=== Activity ===
Your answer should be an exact copy of the lines from the one holding "SamsDisneyDiary 87: Small World Holiday" to the end of the material below, pictures left out.

=== Information shown ===
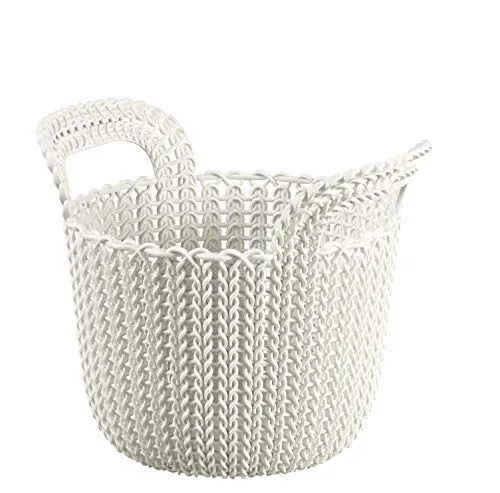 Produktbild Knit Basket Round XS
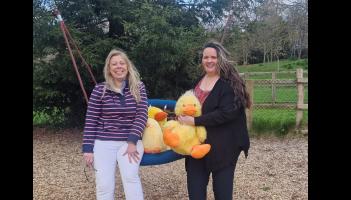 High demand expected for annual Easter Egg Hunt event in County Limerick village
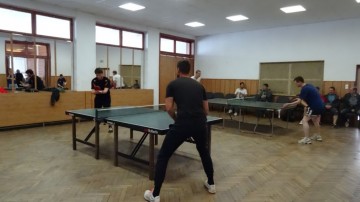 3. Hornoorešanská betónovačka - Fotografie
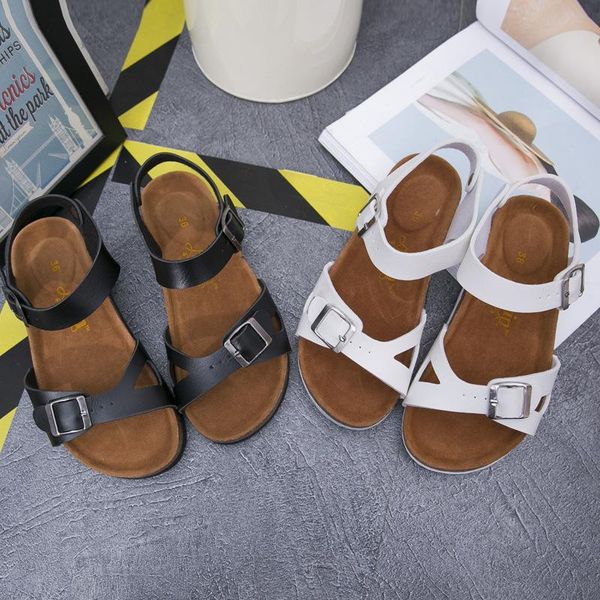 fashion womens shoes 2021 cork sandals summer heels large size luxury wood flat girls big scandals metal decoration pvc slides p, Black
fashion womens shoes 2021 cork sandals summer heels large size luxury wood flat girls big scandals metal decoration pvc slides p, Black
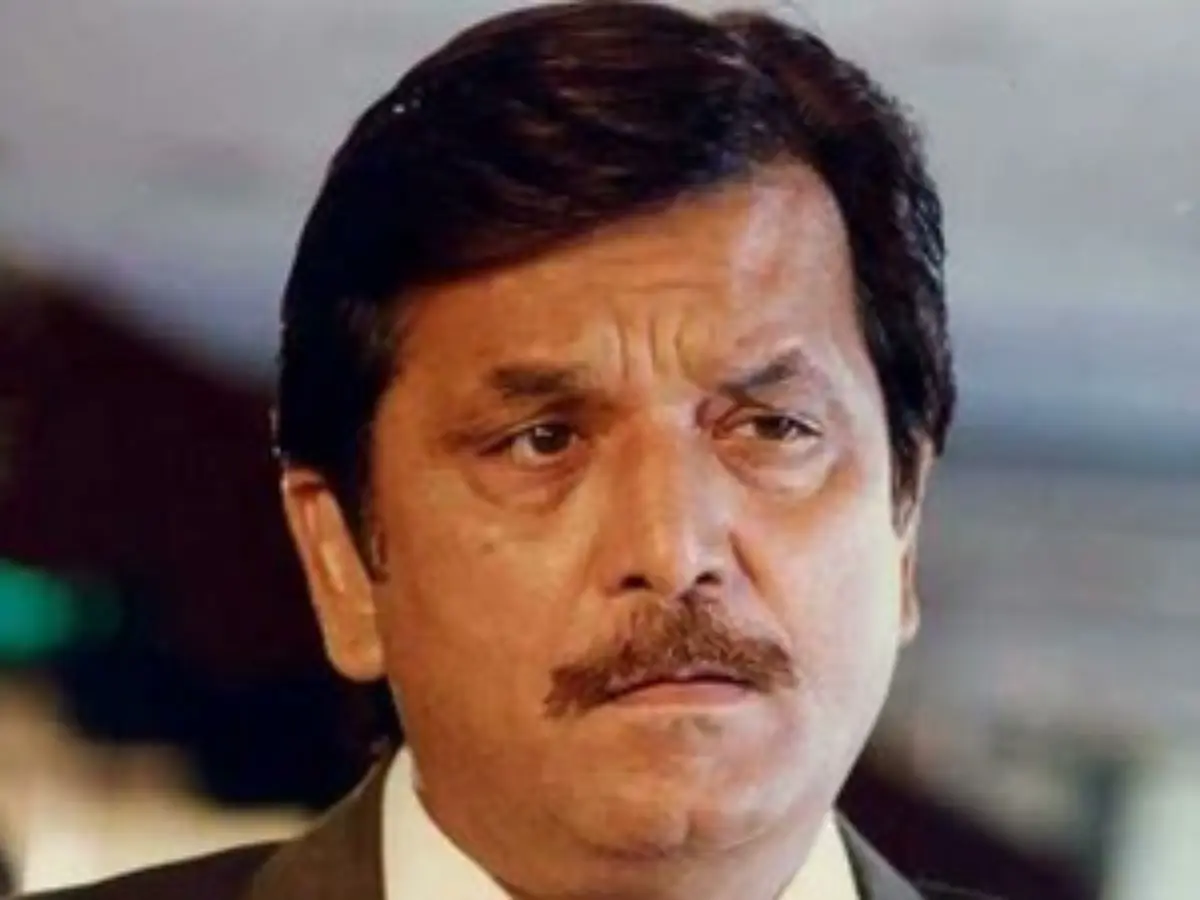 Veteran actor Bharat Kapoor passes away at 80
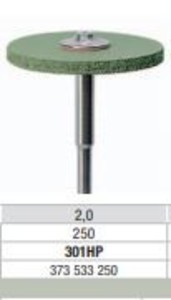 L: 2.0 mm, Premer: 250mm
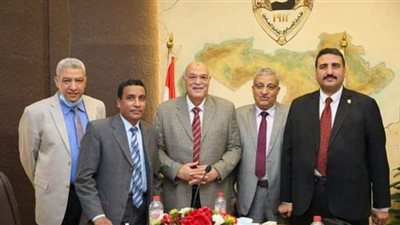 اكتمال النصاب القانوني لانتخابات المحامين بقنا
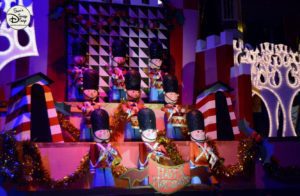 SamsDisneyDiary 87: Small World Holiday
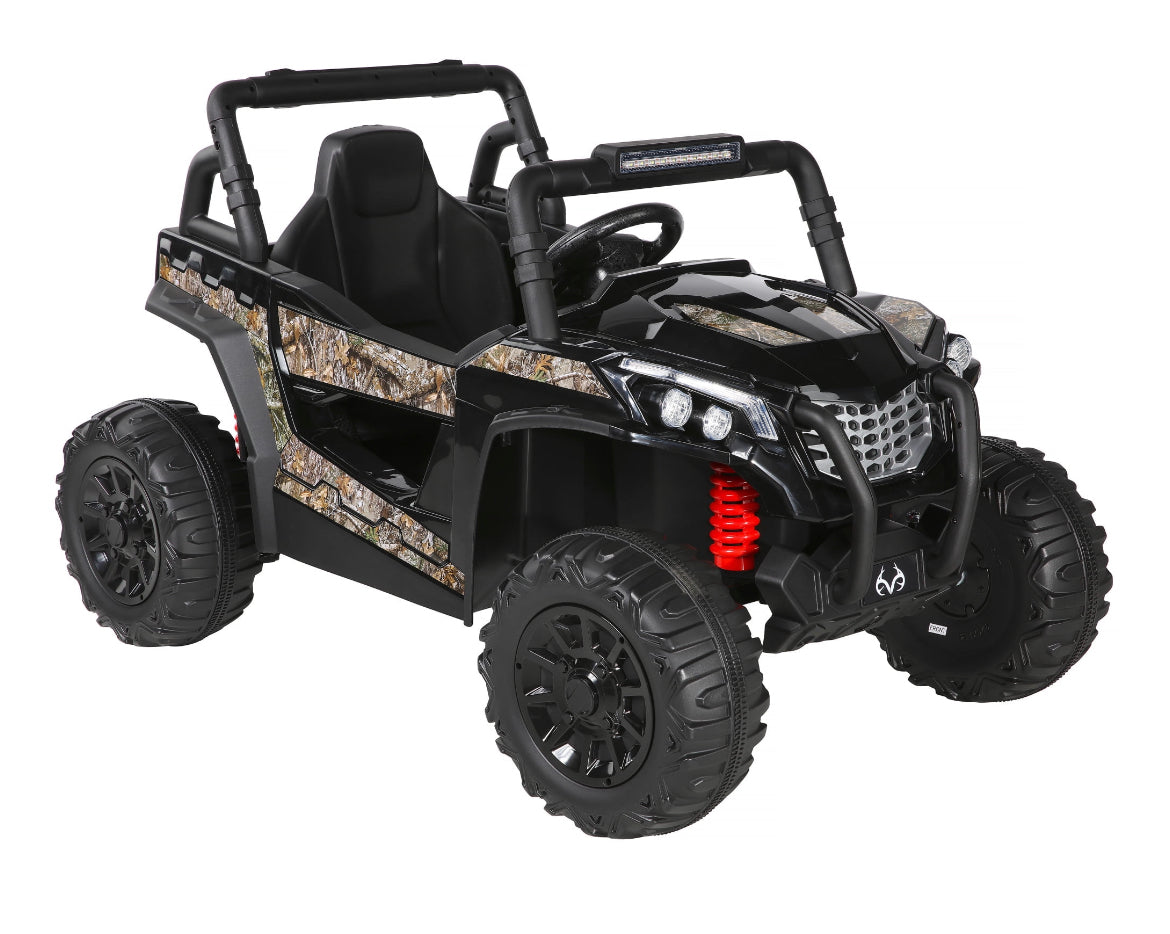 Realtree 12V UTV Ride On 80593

=== Exercise output ===
 SamsDisneyDiary 87: Small World Holiday
 Realtree 12V UTV Ride On 80593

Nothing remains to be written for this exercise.